Für Restaurants bleibt inzwischen nur noch das Außer-Haus-Geschäft: Am Sonntag haben Bund und Länder beschlossen, dass Restaurants und Cafés bundesweit ganztägig schließen müssen. Viele Betriebe halten einen Teil des Kerngeschäfts aufrecht, indem sie Gerichte nach Hause liefern oder auf Bestellung abholen lassen.

Die Folgen der Schließungen seien «verheerend», warnt der Deutsche Hotel- und Gaststättenverband (Dehoga). Existenzen seien mehr als akut gefährdet, Arbeitsplätze stünden auf dem Spiel. Die Politik müsse nun schnell, umfassend und zielgerichtet helfen.

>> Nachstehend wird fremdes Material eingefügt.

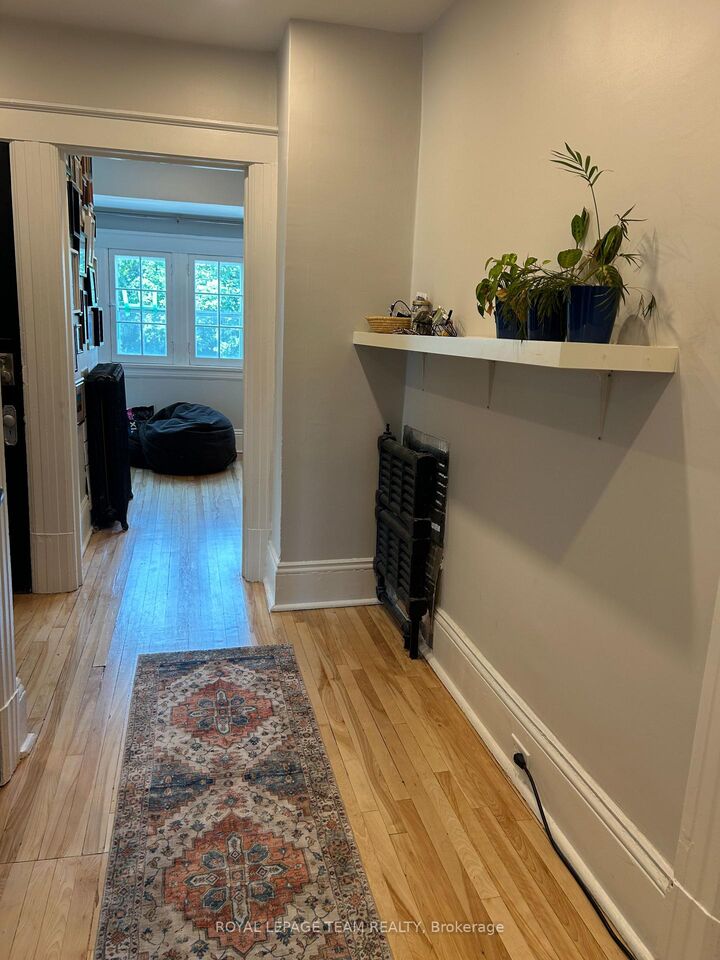 Property Photo: 16 Powell Avenue 3 ON K1S 2A1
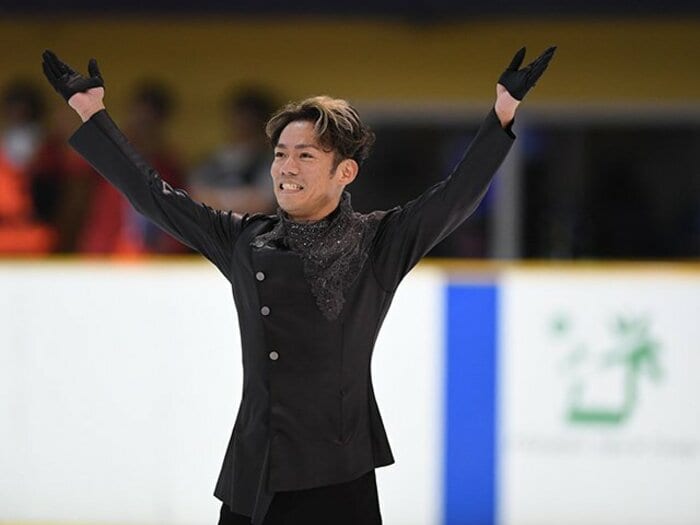 「おかえり！　高橋大輔！」4年ぶりの滑りは幸福感に包まれて。＜Number Web＞ photograph by Asami Enomoto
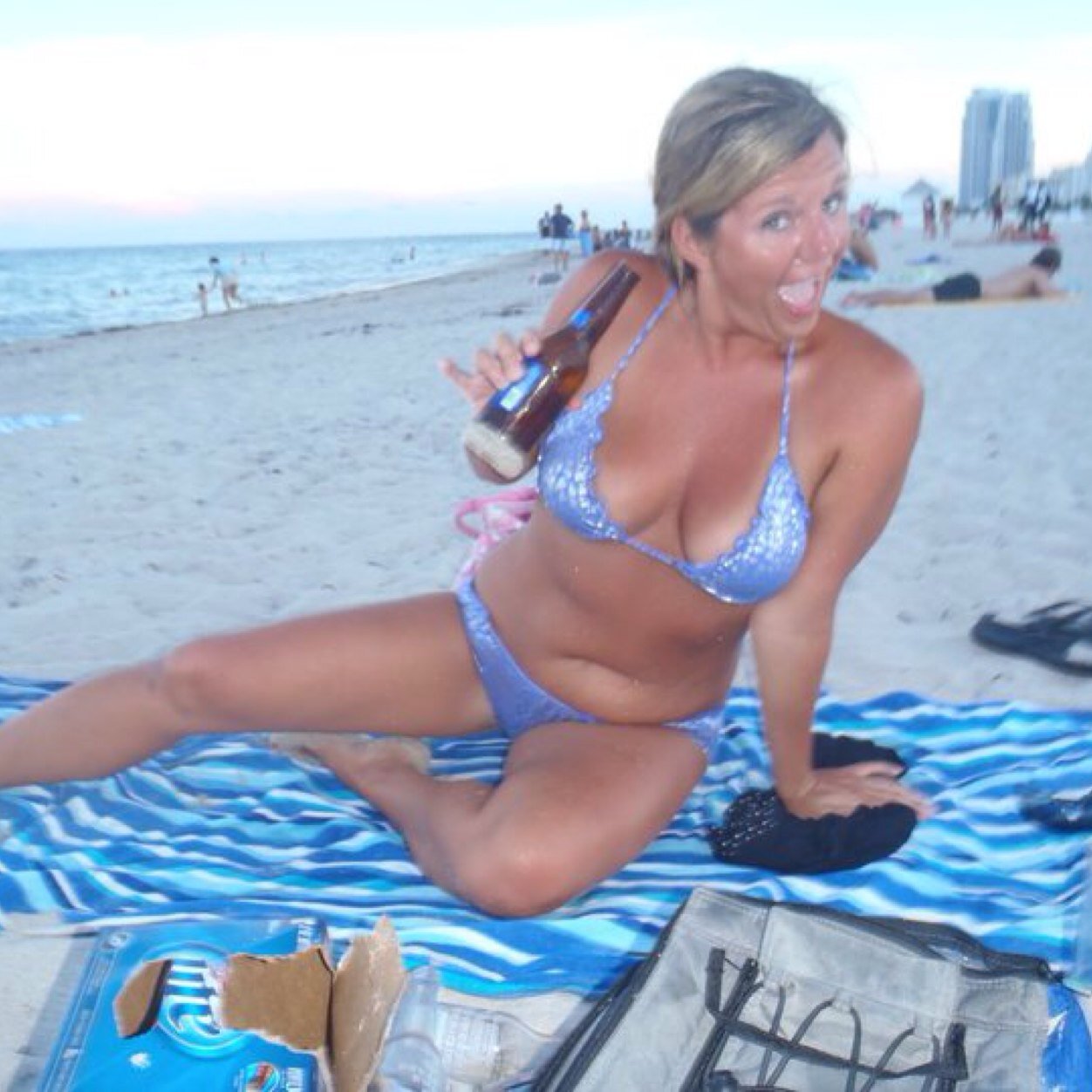 Buckeyeboner's profile picture. Designer of fine things for women.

Die Betriebe seien zurückgeworfen auf das reine Außer-Haus-Geschäft, sagt auch der niedersächsische Dehoga-Chef Rainer Balke. «Das kann aber natürlich in der Regel nicht in größerem Umfang Ersatz leisten.» Für viele Betriebe sei es schon schwierig gewesen, zuletzt nur noch von 6.00 bis 18.00 Uhr öffnen zu dürfen.

Deshalb müssen nach Ansicht der Dehoga-Hauptgeschäftsführerin Ingrid Hartges schnell und unbürokratisch Hilfen fließen. «Selbst gut aufgestellte Firmen sagen, dass sie das vielleicht zwei Monate durchhalten, länger nicht», sagte sie der dpa. Die meisten Betriebe hätten so gut wie keine Reserven.

Das Bundeskabinett hat am Montag umfassende Gesetzespakete auf den Weg gebracht, um die wirtschaftlichen Folgen der Krise abzufedern. So soll es direkte Zuschüsse für kleine Firmen geben. «Zwei Drittel der Betriebe in unserer Branche haben weniger als 10 Beschäftigte. Es muss zu so wenig Bürokratie kommen wie möglich», sagte Hartges. Da es den Anschein hat, dass viele Unternehmer der Branche aber durch das Raster des Schirmes fallen, fordern Deutschlands Restaurants und Hotels ein Corona-Nothilfeprogramm für das Gastgewerbe. Die bislang von der Bundesregierung vorgesehenen Rettungsmaßnahmen würden den Besonderheiten im mittelständisch geprägten Gastgewerbe nicht hinreichend Rechnung, warnen die Verbände. (Tageskarte berichtete). 

HOTELS

Selbst einige Hotels richten sich in der Krise an die, die eigentlich daheim bleiben müssen. «Wenn es Ihnen zu Hause zu eng wird» - so warb etwa am Wochenende ein Hotel in Bayern um Menschen, die im Home Office arbeiten müssen und zu Hause nicht die nötige Ruhe oder den Platz finden. Auch andernorts boten Hotels Zimmer für die Arbeit im Home Office an. Denn Hotels dürfen nur noch für notwendige Übernachtungen öffnen, nicht mehr für touristische.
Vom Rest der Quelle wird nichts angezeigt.